◆ TASK INPUTS ◆
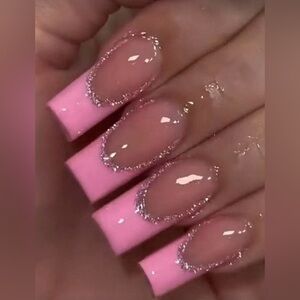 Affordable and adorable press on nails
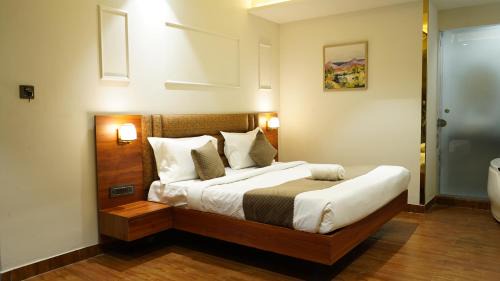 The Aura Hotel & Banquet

...

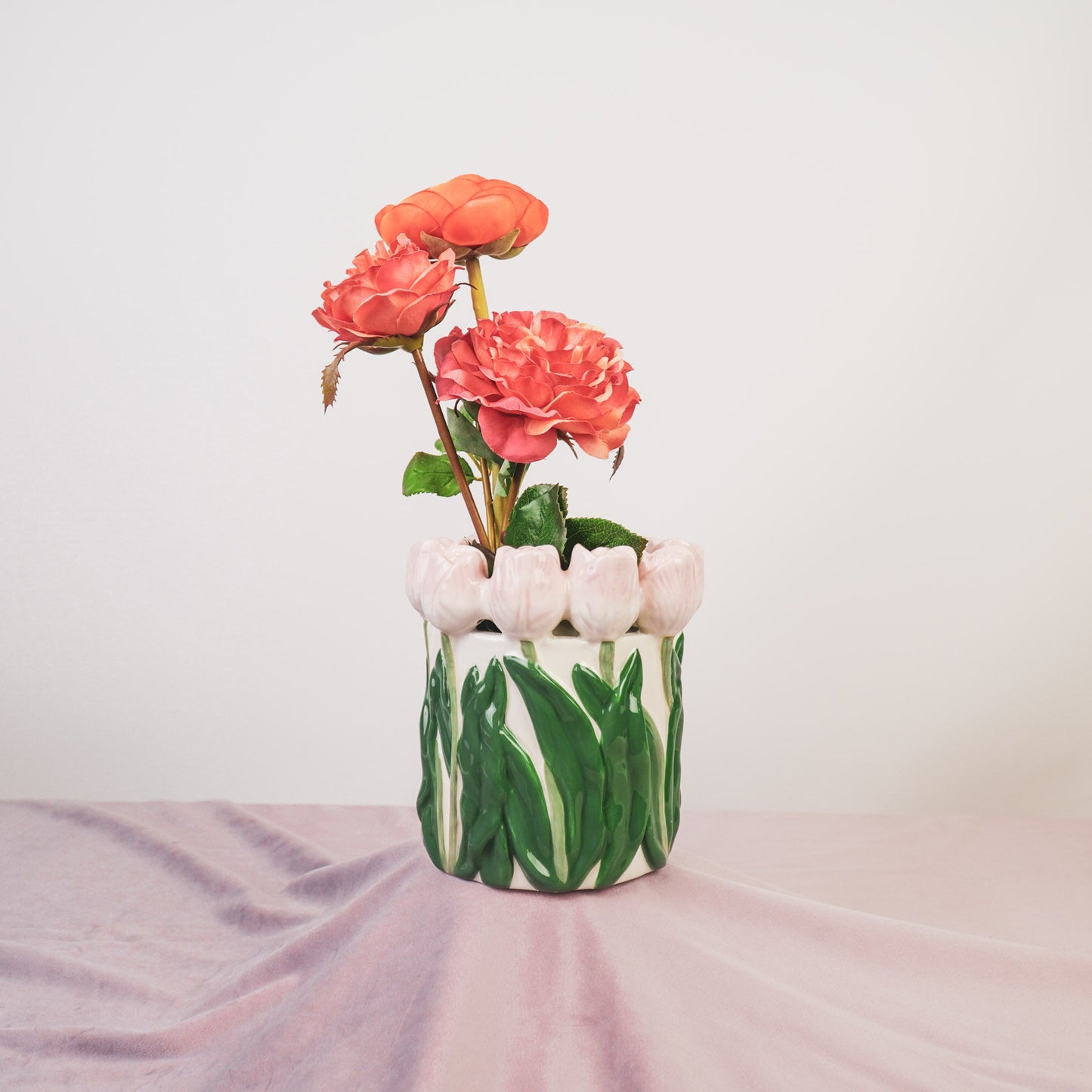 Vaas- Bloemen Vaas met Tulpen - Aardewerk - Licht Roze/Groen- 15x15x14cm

...

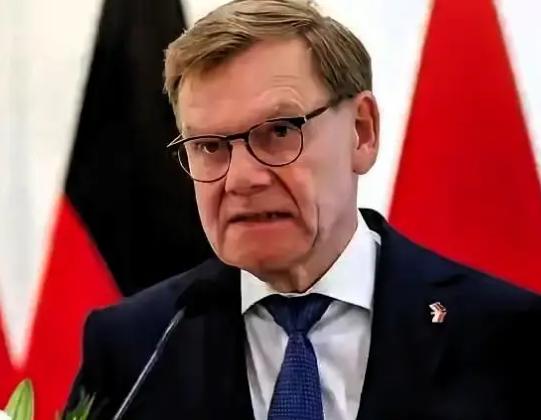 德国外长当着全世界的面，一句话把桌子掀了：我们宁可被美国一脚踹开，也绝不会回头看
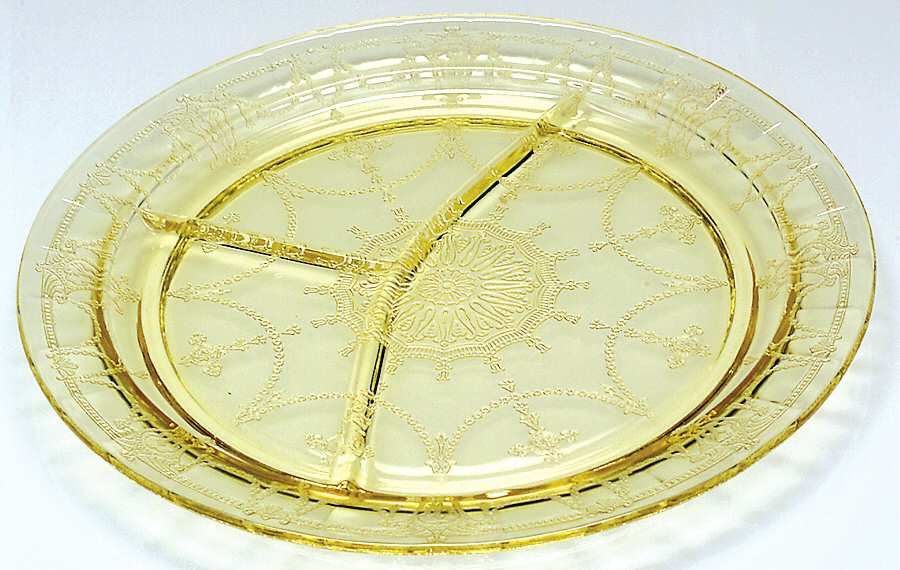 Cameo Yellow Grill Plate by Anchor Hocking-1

◆ PROBLEM DESCRIPTION ◆
The answer is the lines of the material above, from the one containing "Affordable and adorable press on nails" down to the one containing "The Aura Hotel & Banquet", given exactly and without images.

◆ SOLUTION TO THIS EXERCISE ◆
 Affordable and adorable press on nails
 The Aura Hotel & Banquet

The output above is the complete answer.